What you need to do: Find the line containing "Une situation difficile" in the records below. Copy exactly that line and each one after it, ending at the line containing "Funcional En Residencial", and nothing more.

Entries provided:

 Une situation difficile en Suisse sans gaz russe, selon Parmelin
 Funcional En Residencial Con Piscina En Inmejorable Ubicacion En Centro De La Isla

--

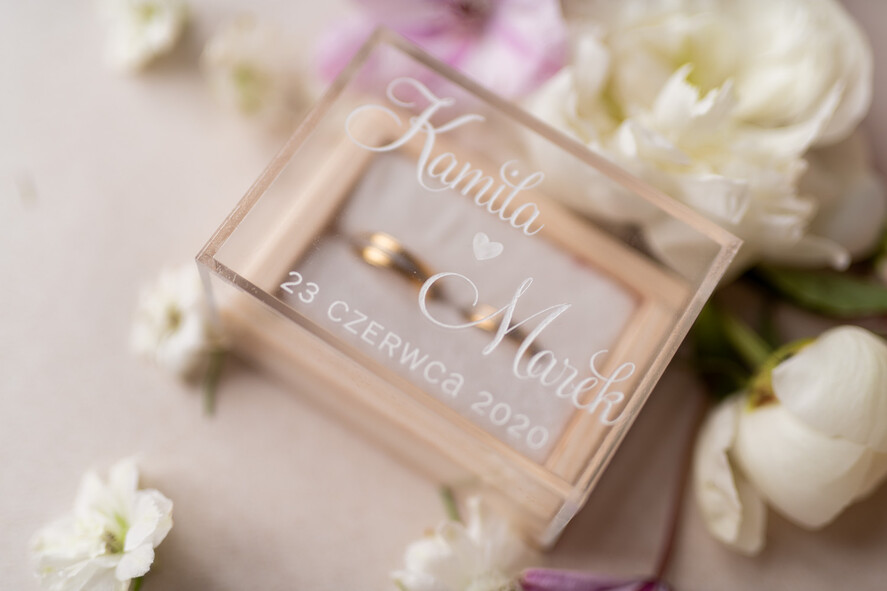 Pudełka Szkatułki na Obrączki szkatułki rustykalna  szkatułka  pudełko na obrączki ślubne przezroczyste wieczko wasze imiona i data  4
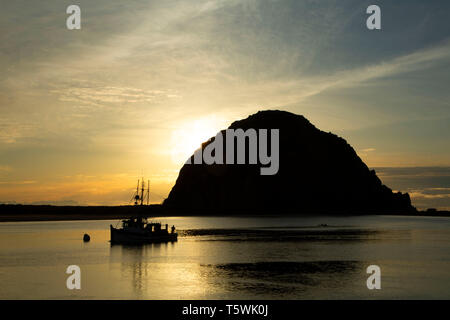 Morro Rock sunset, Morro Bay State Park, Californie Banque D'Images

Answer to this problem:
 Une situation difficile en Suisse sans gaz russe, selon Parmelin
 Funcional En Residencial Con Piscina En Inmejorable Ubicacion En Centro De La Isla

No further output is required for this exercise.